For the past two decades, many around the world have been in denial. Russia was changing, they insisted. And so it has. It has embraced money, private jets and super yachts. For a fleeting few years in the early 1990s it toyed with democracy, only to conclude that this course was synonymous with chaos. Out of this new experiment of bling with brutishness came Vladimir Putin.

Six months into the crisis in Ukraine, the shooting down of the Malaysian airliner marks a defining moment in the West’s approach to Russia. Or at least it should.

Putin is a pariah. He must now be treated as such.

The terrible loss of MH17, with passengers from a dozen nations on board, was tragedy enough. The stories of Dutch families obliterated, scientific experts on their way to a conference in Australia, and Newcastle football fans making the extraordinary journey to New Zealand were heart-rending. Initially, as the facts remained a little unclear, the Russian President could, just could, have salvaged what remained of his international credibility in his response to the crash. He could have expressed his horror at the military escalation in eastern Ukraine, vowing that the perpetrators of the crime would be brought to justice. Then, in time, he might have called for a conference on the future of Russians in Ukraine and ensured that they secured greater autonomy. He would have been able to trade on some goodwill, alongside the power that comes with Russia’s dominance of energy supplies to Europe. Machiavelli would have approved.

Instead he reverted to thuggish type. As state television produced its now familiar diet of propaganda, the president insisted that the Ukrainians only had themselves to blame. Meanwhile, rebel leaders in the crash site area threatened journalists and investigators who tried to piece together the facts. The idea, from the very start of the Ukrainian insurgency, that the balaclava-clad forces in Crimea and the east of the country were a spontaneous reflection of local sentiment was laughable. They have been armed and coordinated from on high, from the Kremlin. Now the order has gone out to eliminate the incriminating evidence. This will be difficult, but Putin’s hope is to muddy the trail just enough that it will allow some European politicians to argue that further sanctions and other repercussions be toned down.

For sure, Putin did not want developments to unfold in the way they have done. The rebels had, shortly before the Malaysian airliner was downed, just boasted about their prowess in picking Ukrainian military planes from the sky. They ended up picking the wrong target. Their minders in Moscow will be furious with them, knowing that the events of the past 48 hours will set back the rebels’ cause.

In recent weeks, as the Ukrainian authorities had regained a few footholds in the East, the attention of the international media had moved elsewhere. Now it has refocused on the region. Movements of Russian military kit will be more closely monitored. Putin cannot afford another mistake. In the short-term at least, the rebels and their masters will have to watch their step.

Putin has no end game in Ukraine. He knows what he doesn’t want – a functioning, Western leaning, democratic state. He hated the idea that in May Ukraine conducted presidential elections, which contained clear choices and produced an undisputed outcome – at least in areas he couldn’t reach. His only purpose is to destabilise, as he has done in other former republics of the Soviet Union, whose demise he has publicly lamented. Nor does he have a grand plan for Russia, apart from restoring its “dignity”, after the “humiliations” of the 1990s.

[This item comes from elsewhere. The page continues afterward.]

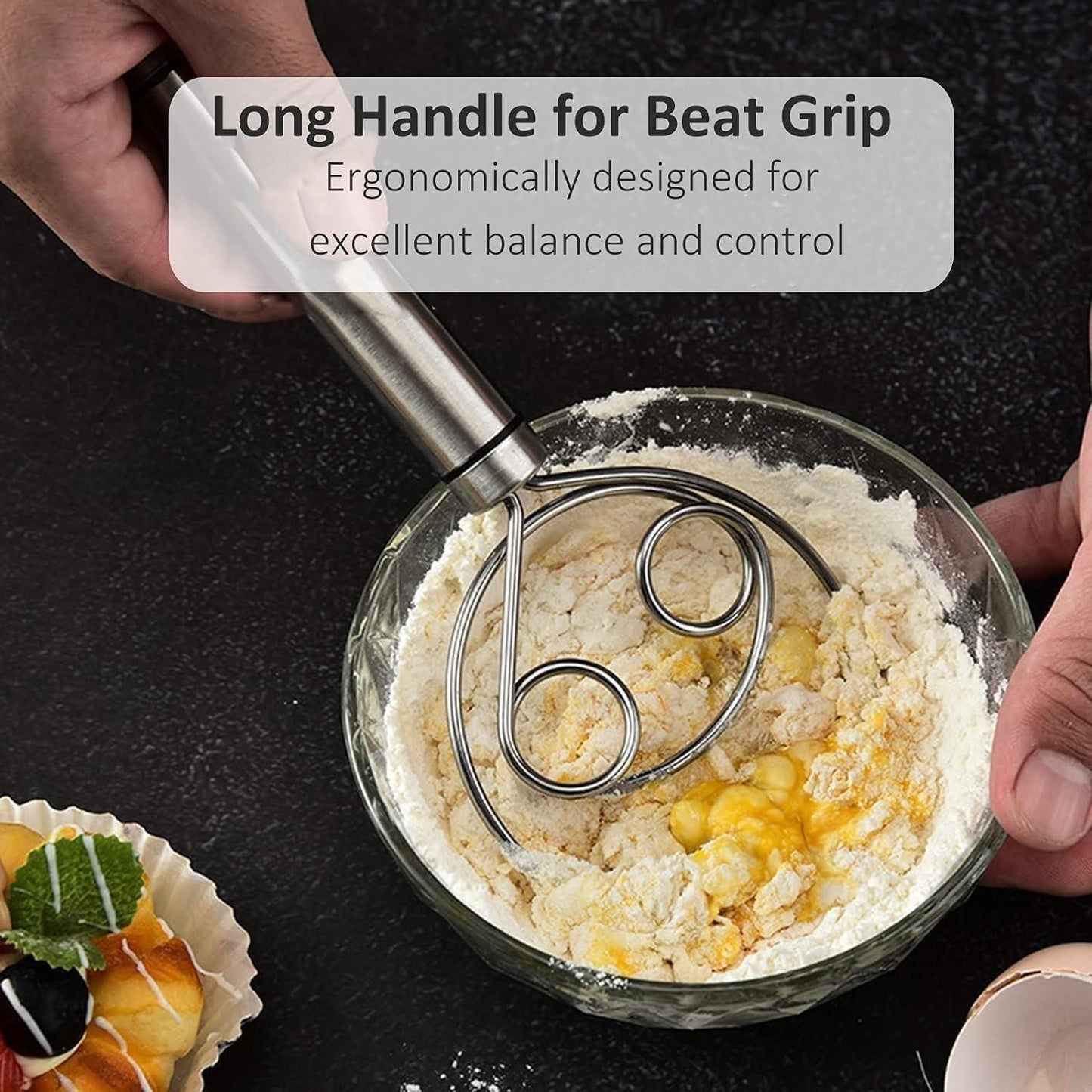 Dishwasher-Safe Danish Dough Whisk – Stainless Steel Bread Mixer for Effortless Dough Preparation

Some of his resentments are justified. Russia was taken for granted in the early 2000s. The post-9/11 logistical support it provided for America’s war in Afghanistan, and its agreement not to hinder the war in Iraq were banked, with nothing given back in return. Putin could be forgiven for becoming wary of the West. Indeed, with power shifting to Asia and with emerging countries looking for points of reference beyond the United States, he could have developed a more subtle foreign policy that might have posed an interesting challenge. Instead he fell into a mind-set that was part Soviet era and part Latin American dictator of the 1970s.

His land grab in Crimea was hugely popular back home; his poll ratings reached an all-time high. Although it squealed, the West did not particularly object to the snatching back of a peninsula that had traditionally belonged to Russia and was ostentatiously handed over to Ukraine by a drunken Nikita Khrushchev in 1954 – at a time when demarcations between Soviet states were largely irrelevant anyway.

The crisis in eastern Ukraine is different. It will further damage Russia’s flat-lining economy and is costing lives. Families in the region are being torn asunder as they are forced to make choices about allegiances. Yet, miserabilist that he is, Putin will not call off the dogs of war, because that will look weak.

Back in Moscow, in the sushi bars and the five-star hotels, business goes on as usual. Russia has the veneer of a modern state. The wealthy are driven from plush office to suburban dacha in their tinted-windowed Mercedes, not quite impervious to events in Ukraine, but confident that it won’t affect them.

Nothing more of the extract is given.